I first got an inkling that perhaps IQ alone did not explain all of career success during my freshman year in college. There was a guy down the hall from me in the dormitory who had perfect scores on his SATs, plus perfect scores on five advanced placement tests. From an academic point of view, he was brilliant. But he had a problem: zero motivation. He never got to class, he slept till noon, never finished his assignments. It took him eight years to get his bachelors and today he's self-employed as a consultant. Hes not a star performer, he's not the head of a big organization, he's not an outstanding leader. I now see he lacked some crucial emotional intelligence abilities, particularly self-mastery.

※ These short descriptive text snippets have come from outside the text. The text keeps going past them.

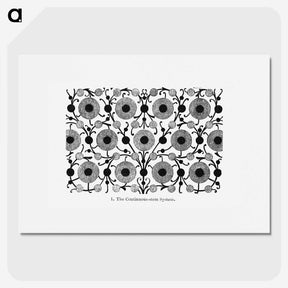 1-93_Examples-of-Chinese-Ornament_picture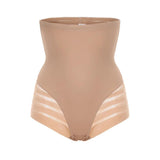 Tummy Control High Waisted Underwear for Women - Ultimate Comfort & Support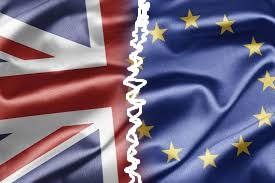 Her er det du skal vide om Brexit
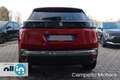 Peugeot 3008 3008 1.5 bluehdi 130cv s&s eat8 Allure Rosso - thumbnail 4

Howard Gardner, a friend from my days in grad school, opened up the conversation about different kinds of intelligence beyond IQ when he wrote about multiple intelligences in the 1980s. Howards argument was that for an intelligence to be recognized as a distinct set of capacities there has to be a unique underlying set of brain areas that govern and regulate that intelligence.
Now brain researchers have identified distinct circuitry for emotional intelligence in a landmark study by another old friend, Reuven Bar-on (by some unlikely coincidence, his mother was my fourth grade Sunday school teacher). Bar-On worked with one of todays outstanding brain research groups, headed by Antonio Damasio at the University of Iowa medical school. They used the gold standard method in neuropsychology for identifying the brain areas associated with specific behaviors and mental functions: lesion studies. That is, they studied patients who have brain injuries in clearly defined areas, correlating the site of the injury with the resulting specific diminished or lost capacities in the patient. On the basis of this tried-and-true methodology in neurology, Bar-on and his associates identified several brain areas crucial for the abilities of emotional and social intelligence.
The Bar-On study is one of the more convincing proofs that emotional intelligence resides in brain areas distinct from those for IQ. Other findings using different methods support the same conclusion. Taken together, this data tells us there are unique brain centers that govern emotional intelligence, which distinguishes this set of human skills from academic (that is, verbal, math, and spatial) intelligence or IQ, as these purely cognitive skills are known as well as from personality traits.
The right amygdala (we have two, one in each brain hemisphere) is a neural hub for emotion located in the midbrain. In Emotional Intelligence I wrote about Joseph LeDouxs landmark research on the role of the amygdala in our emotional reactions and memories. Patients with lesions or other injuries to the right amygdala, the Bar-On study found, showed a loss in emotional self-awareness the ability to be aware of and understand our own feelings.
Another area crucial for emotional intelligence is also on the right side of the brain. Its the right somatosensory cortex; injury here also creates a deficiency in self-awareness, as well as in empathy awareness of emotions in other people. The ability to understand and feel our own emotions is critical for understanding and empathizing with the emotions of others. Empathy also depends on another structure in the right hemisphere, the insula, a node for brain circuitry that senses our entire bodily state and tells us how we're feeling. Tuning in to how we're feeling ourselves plays a central role in how we sense and understand what someone else is feeling.